▶ **Data supplied**:

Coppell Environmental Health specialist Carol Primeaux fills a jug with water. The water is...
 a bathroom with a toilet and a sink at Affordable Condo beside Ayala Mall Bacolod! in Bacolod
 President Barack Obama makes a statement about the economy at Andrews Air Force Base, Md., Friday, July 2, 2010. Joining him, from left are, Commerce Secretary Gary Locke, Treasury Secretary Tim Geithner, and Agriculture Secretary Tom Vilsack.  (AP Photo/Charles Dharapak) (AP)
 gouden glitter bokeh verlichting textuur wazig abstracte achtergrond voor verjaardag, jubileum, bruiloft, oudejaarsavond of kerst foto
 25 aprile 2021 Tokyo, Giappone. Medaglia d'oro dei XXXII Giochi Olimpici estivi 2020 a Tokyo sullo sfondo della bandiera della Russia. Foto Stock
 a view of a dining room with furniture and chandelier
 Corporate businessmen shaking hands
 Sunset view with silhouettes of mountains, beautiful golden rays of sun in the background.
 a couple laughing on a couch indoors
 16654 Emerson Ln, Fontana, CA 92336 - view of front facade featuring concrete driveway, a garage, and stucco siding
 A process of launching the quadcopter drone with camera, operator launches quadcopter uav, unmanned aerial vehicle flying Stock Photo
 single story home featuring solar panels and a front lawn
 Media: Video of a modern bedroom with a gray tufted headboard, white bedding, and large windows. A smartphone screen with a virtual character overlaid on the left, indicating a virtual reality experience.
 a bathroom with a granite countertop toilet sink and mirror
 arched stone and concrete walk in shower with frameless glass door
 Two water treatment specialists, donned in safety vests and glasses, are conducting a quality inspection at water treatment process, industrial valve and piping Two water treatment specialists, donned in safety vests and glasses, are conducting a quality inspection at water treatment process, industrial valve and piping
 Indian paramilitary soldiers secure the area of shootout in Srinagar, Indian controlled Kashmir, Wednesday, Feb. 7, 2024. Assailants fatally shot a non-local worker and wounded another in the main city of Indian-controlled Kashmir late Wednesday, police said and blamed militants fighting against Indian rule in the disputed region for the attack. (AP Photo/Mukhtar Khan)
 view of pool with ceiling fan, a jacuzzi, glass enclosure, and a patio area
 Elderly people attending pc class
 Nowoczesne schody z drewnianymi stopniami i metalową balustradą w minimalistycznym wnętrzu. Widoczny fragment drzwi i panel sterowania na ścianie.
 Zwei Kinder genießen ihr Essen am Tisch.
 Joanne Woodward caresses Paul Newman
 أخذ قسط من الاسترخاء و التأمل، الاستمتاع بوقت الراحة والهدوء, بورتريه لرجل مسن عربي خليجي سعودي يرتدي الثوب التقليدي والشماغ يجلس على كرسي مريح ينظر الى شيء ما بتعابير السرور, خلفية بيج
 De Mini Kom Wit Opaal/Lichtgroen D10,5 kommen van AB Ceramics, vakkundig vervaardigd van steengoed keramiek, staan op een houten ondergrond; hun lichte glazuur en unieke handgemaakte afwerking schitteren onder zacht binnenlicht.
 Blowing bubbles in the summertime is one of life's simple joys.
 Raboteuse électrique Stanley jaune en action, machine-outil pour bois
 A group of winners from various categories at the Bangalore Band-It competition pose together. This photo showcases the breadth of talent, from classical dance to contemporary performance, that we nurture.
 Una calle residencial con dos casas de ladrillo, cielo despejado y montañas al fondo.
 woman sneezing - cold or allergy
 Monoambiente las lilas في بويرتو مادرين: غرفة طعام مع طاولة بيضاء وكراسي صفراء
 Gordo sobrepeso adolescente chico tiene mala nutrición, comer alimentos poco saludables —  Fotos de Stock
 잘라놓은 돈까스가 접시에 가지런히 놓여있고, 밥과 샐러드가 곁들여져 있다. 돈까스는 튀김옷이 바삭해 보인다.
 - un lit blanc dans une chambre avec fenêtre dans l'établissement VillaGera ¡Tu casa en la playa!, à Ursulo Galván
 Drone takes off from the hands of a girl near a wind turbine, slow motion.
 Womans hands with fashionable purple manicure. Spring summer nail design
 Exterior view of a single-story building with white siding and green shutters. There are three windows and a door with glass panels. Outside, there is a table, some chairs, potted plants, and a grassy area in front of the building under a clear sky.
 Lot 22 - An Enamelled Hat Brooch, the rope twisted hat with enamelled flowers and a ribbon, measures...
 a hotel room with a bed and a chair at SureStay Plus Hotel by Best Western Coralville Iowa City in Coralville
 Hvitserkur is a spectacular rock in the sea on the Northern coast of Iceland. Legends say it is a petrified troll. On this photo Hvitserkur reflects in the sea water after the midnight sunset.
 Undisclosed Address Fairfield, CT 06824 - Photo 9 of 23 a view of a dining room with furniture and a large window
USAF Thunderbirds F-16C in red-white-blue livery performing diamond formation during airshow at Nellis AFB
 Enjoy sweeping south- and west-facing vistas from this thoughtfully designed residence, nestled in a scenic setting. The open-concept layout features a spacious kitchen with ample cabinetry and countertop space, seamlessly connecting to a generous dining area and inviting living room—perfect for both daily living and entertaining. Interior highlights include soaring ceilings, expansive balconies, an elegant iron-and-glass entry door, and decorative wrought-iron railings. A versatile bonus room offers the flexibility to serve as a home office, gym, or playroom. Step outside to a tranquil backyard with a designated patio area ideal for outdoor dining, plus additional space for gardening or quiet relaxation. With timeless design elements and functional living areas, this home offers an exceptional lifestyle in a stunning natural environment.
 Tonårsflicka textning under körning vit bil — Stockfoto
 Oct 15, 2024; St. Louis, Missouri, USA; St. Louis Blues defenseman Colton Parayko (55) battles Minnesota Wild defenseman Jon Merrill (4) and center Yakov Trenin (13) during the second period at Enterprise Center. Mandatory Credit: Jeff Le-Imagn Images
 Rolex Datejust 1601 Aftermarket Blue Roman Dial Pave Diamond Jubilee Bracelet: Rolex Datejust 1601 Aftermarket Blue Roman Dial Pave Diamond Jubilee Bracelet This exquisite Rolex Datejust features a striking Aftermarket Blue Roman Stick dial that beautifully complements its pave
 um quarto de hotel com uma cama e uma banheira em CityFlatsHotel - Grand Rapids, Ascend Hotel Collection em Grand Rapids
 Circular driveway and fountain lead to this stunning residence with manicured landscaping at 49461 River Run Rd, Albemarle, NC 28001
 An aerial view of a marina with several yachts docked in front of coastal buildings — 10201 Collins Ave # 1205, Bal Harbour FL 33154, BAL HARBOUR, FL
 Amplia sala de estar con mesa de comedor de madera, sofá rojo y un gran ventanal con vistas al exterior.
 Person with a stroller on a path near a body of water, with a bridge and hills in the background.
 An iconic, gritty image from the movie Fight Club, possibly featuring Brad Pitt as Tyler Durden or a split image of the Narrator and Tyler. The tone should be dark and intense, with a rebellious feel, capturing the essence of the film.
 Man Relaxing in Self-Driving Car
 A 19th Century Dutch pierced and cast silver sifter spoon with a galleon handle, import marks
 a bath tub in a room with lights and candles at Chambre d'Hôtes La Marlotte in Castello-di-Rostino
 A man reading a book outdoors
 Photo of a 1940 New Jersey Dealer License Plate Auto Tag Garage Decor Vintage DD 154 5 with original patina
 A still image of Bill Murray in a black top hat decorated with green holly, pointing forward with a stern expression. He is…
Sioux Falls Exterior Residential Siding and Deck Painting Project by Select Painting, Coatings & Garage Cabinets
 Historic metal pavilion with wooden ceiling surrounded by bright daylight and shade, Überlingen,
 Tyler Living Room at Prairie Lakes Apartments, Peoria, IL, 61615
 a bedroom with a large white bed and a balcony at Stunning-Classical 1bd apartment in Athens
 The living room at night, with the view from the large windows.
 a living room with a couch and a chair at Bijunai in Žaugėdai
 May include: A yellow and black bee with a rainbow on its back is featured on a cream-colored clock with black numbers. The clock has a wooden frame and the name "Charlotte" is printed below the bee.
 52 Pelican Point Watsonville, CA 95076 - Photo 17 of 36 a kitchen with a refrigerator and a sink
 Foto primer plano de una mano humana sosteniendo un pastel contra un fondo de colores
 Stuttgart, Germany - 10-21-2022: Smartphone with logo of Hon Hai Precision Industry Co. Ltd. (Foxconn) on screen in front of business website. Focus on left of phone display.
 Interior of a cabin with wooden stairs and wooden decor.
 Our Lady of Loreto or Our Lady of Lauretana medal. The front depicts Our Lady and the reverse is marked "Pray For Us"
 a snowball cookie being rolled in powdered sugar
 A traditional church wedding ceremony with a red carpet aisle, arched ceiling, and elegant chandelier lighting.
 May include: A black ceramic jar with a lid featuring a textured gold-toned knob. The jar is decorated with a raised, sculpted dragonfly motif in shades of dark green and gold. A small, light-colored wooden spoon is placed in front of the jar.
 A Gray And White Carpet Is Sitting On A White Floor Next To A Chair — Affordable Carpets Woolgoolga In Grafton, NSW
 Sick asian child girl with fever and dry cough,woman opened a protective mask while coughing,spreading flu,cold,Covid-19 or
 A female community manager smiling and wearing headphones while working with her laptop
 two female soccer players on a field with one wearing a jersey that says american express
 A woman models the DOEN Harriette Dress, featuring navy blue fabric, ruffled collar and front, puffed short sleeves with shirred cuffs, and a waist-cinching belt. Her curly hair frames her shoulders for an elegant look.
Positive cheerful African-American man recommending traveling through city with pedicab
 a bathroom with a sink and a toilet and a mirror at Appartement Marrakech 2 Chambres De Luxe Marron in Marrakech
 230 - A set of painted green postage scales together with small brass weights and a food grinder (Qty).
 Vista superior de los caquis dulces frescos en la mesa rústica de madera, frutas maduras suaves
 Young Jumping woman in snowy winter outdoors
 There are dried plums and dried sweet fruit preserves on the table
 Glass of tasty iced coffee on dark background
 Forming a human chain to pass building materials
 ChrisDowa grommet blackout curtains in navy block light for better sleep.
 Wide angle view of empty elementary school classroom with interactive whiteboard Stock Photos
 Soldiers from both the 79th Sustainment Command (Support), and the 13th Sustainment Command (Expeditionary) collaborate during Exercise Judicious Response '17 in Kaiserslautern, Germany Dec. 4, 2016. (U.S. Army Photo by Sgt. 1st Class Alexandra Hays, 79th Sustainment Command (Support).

▶ **Your instructions**:
Starting with the first line of the listing above, copy each line exactly until you have copied the line containing "a bathroom with a toilet". Stop there.

▶ **Worked solution**:
Coppell Environmental Health specialist Carol Primeaux fills a jug with water. The water is...
 a bathroom with a toilet and a sink at Affordable Condo beside Ayala Mall Bacolod! in Bacolod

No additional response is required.